(WORK TO BE COMPLETED) Beginning with the line containing "Blooming Hearts Collection-Fluttering" and ending at the last line of the records, transcribe each line exactly. Do not include pictures.

---------- DATASET CONTENT

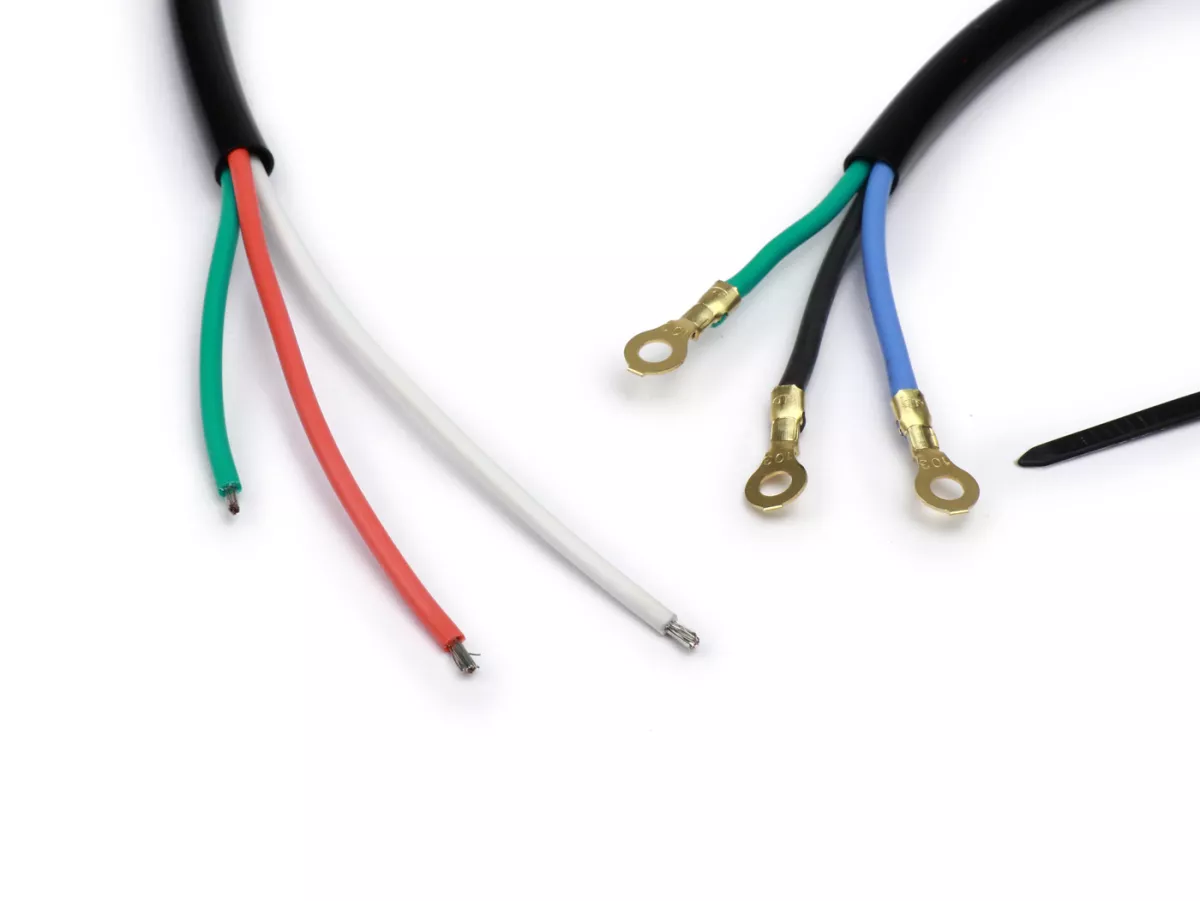 Pelat dasar pengapian cabang kabel -VESPARATUR- Vespa PK - 12V 6 kabel - kabel yang diperpanjang untuk mesin V50 - dengan lubang tali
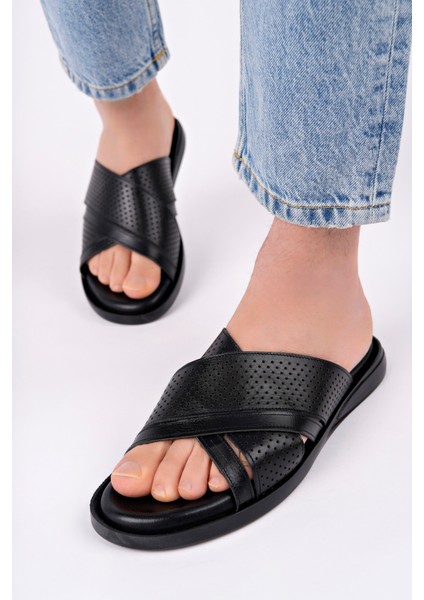 Erkek Hakiki Deri Siyah Terlik fırsatları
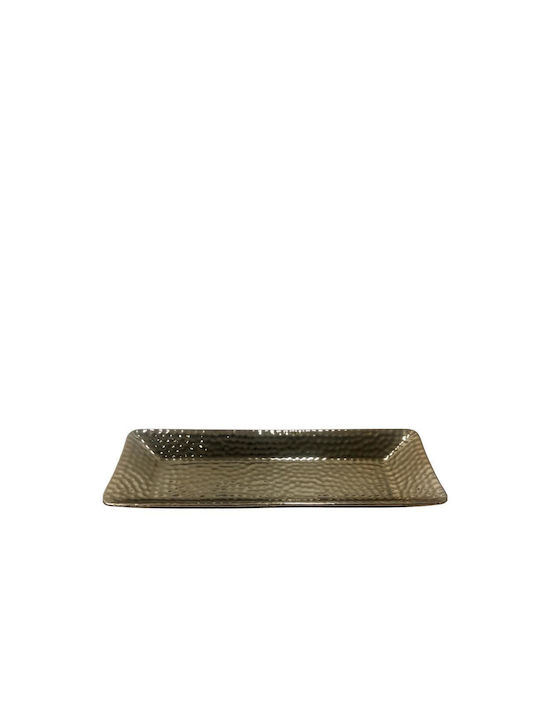 Art et Lumiere Rectangular Ceramic Decorative Platter Golden 39.5x14x3.5cm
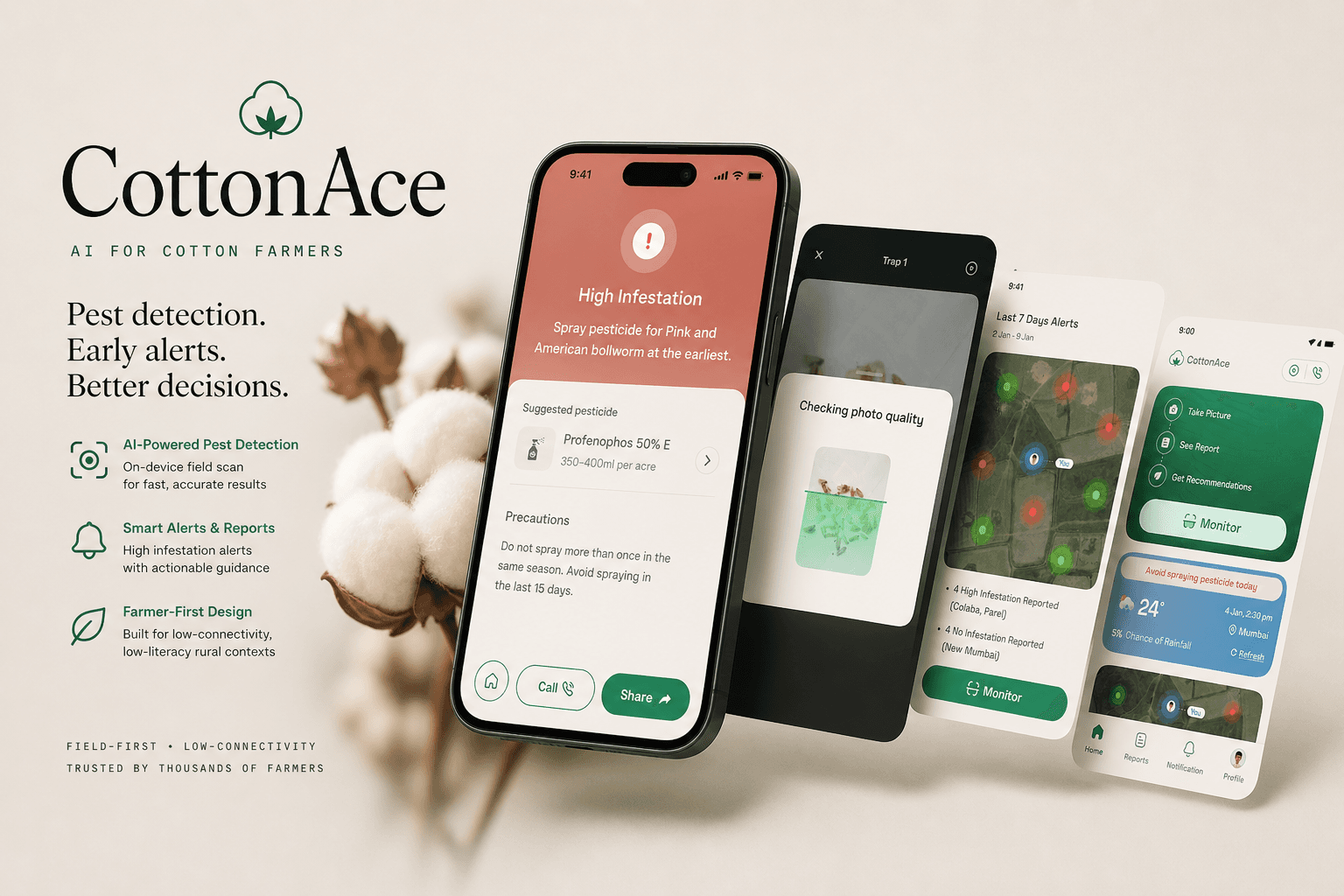 CottonAce product cover for AI-assisted cotton farming and pest detection.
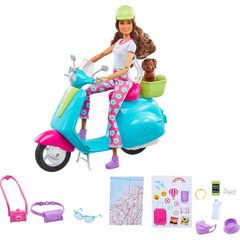 Barbie Fashionistas Doll & Scooter Travel Playset
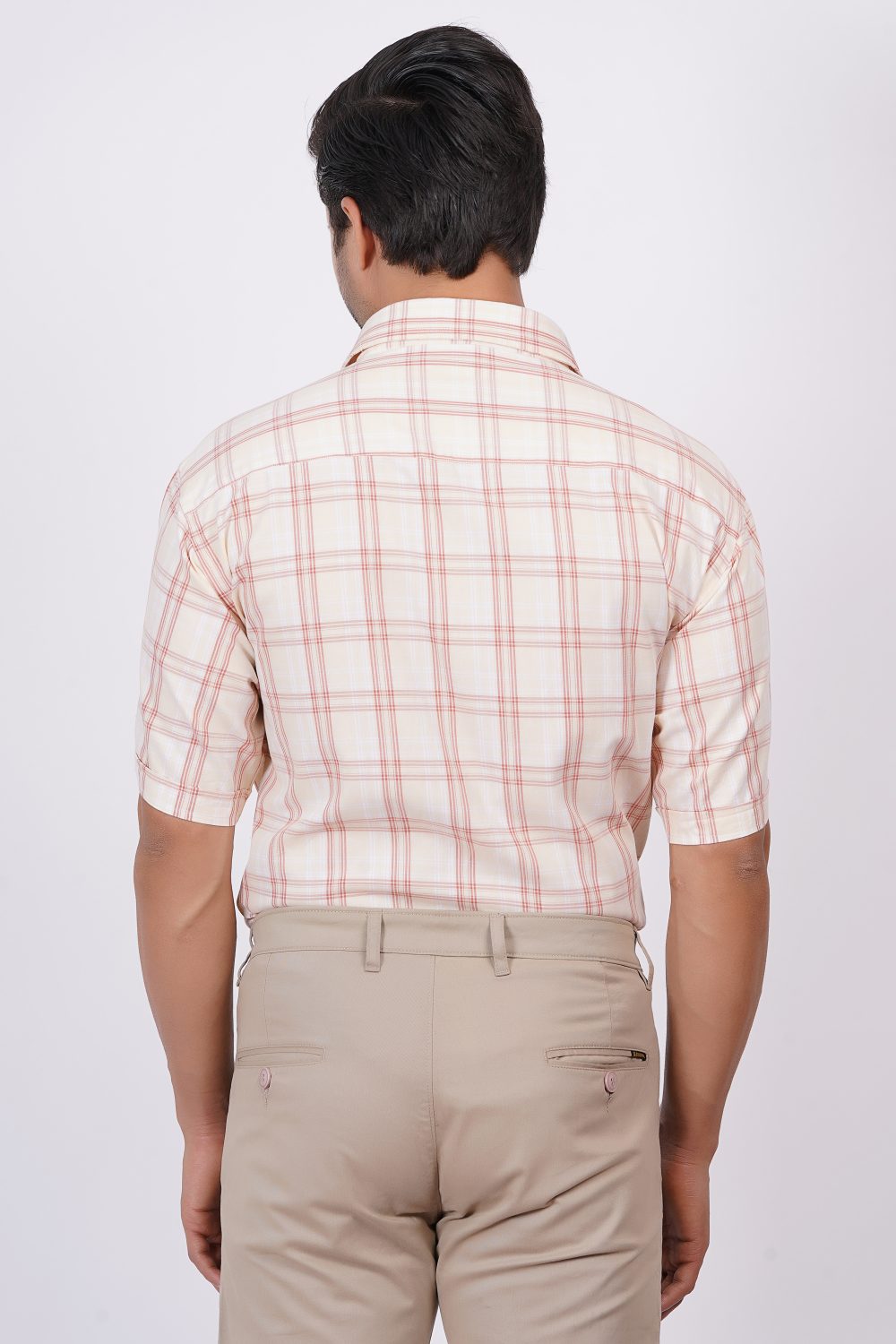 Cream and Pink Stripes | TTASCOTT Half Sleeve Check Shirt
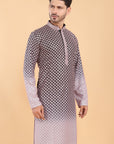 Navy blue ombre kurta with pink embroidery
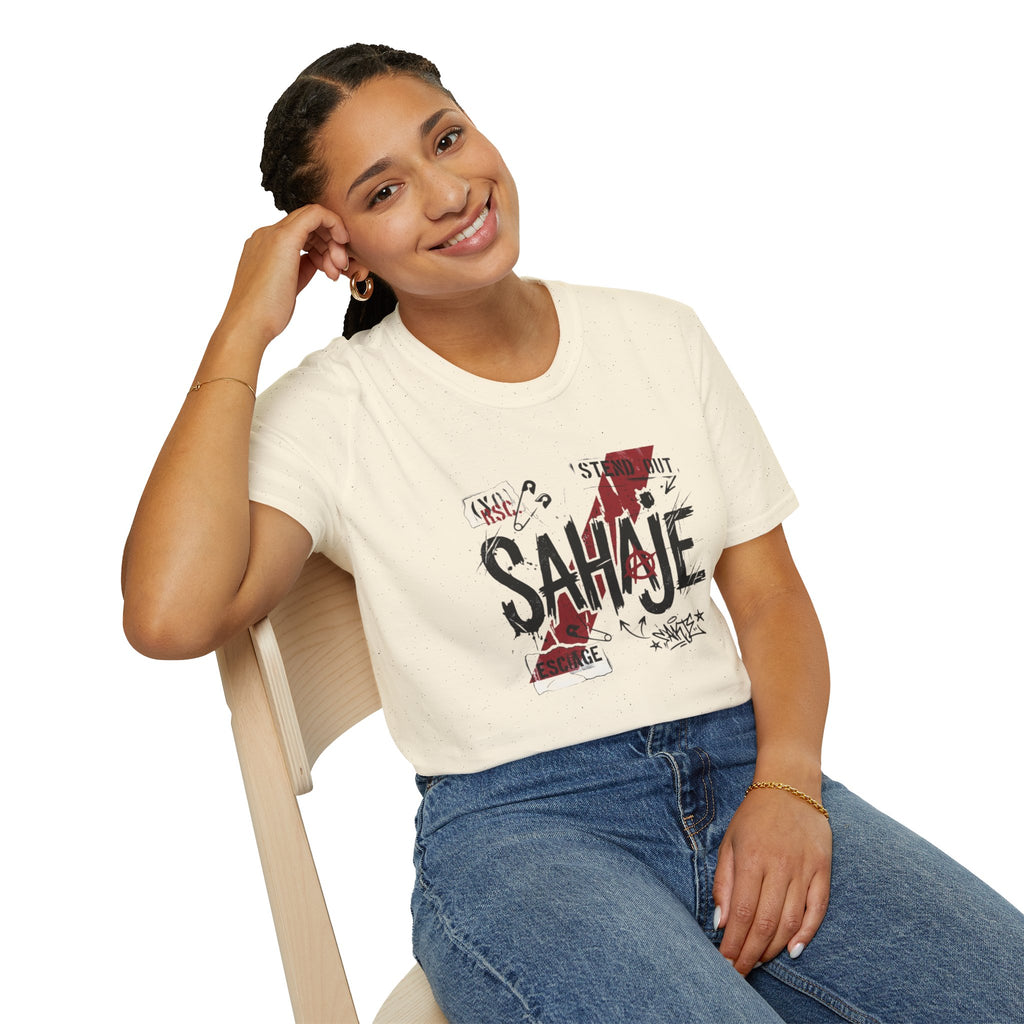 SAHAJE Graphic T‑Shirt — Distressed Red Accent Streetwear Tee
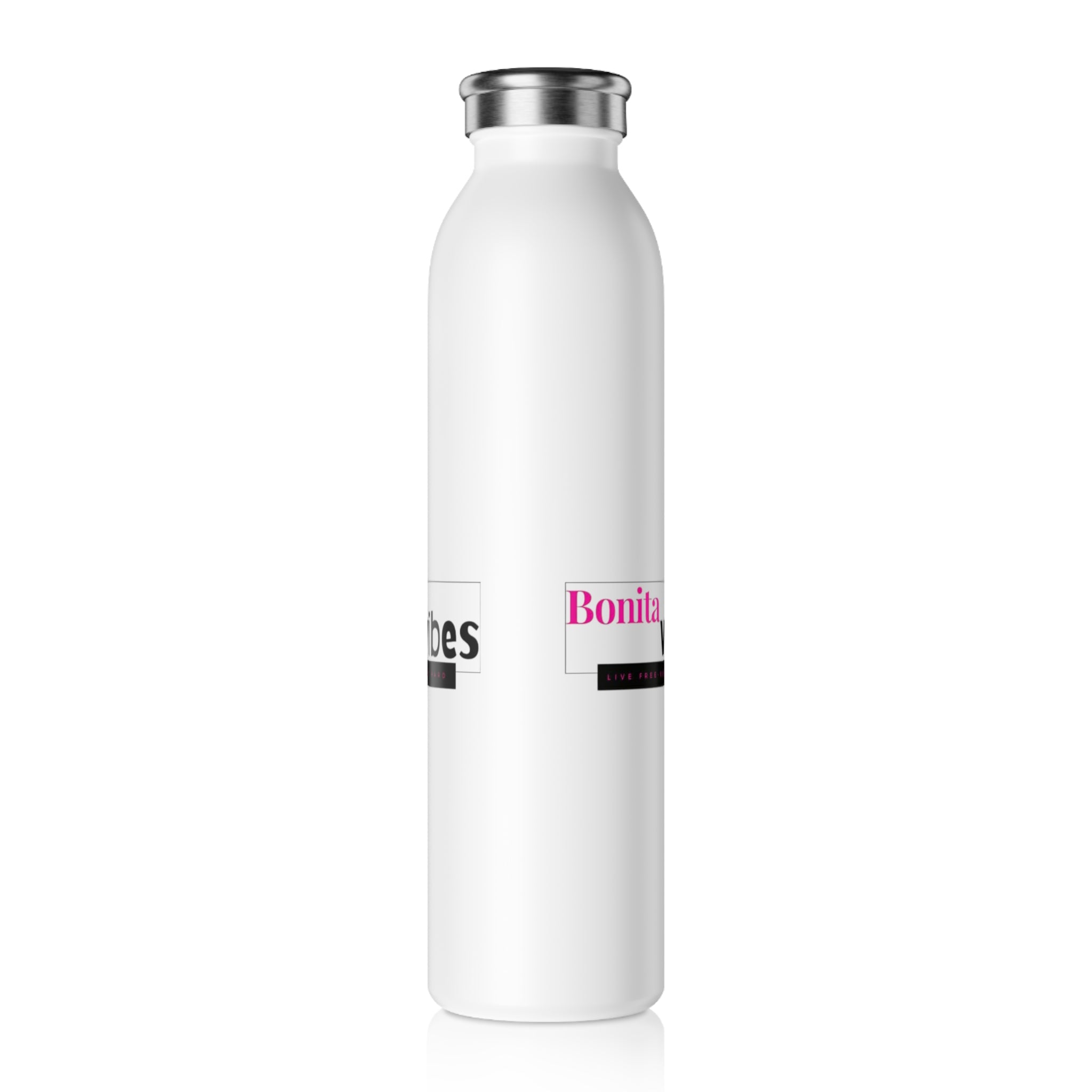 Bonita Vibes: Vibes Unleashed Elegant White Slim Water Bottle | Stylish Hydration for Yoga, Gym, Travel, Eco-Friendly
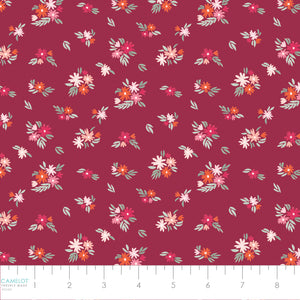 Blooming Hearts Collection-Fluttering Florals-Burgundy-66240203-02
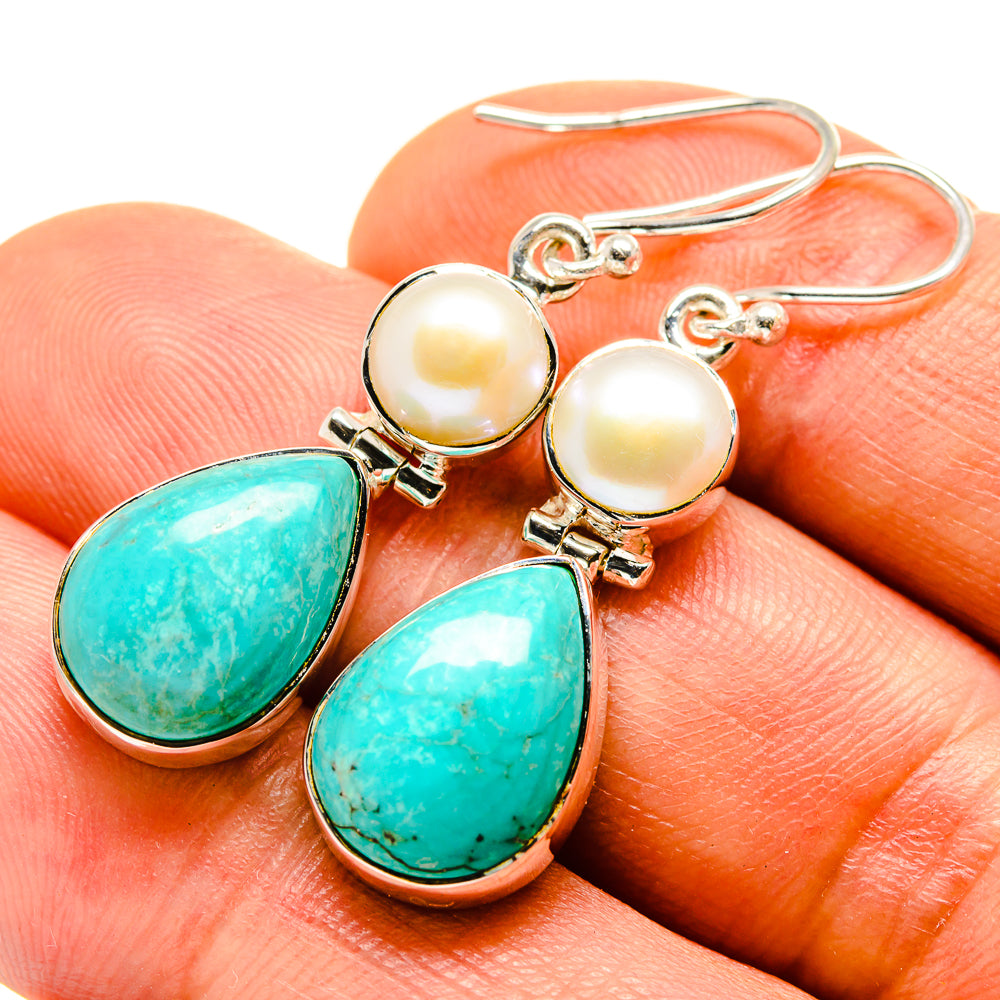 Arizona Turquoise Earrings handcrafted by Anasilvercos - EARR413784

--------------------

(ANSWER BOX)
 Blooming Hearts Collection-Fluttering Florals-Burgundy-66240203-02
 Arizona Turquoise Earrings handcrafted by Anasilvercos - EARR413784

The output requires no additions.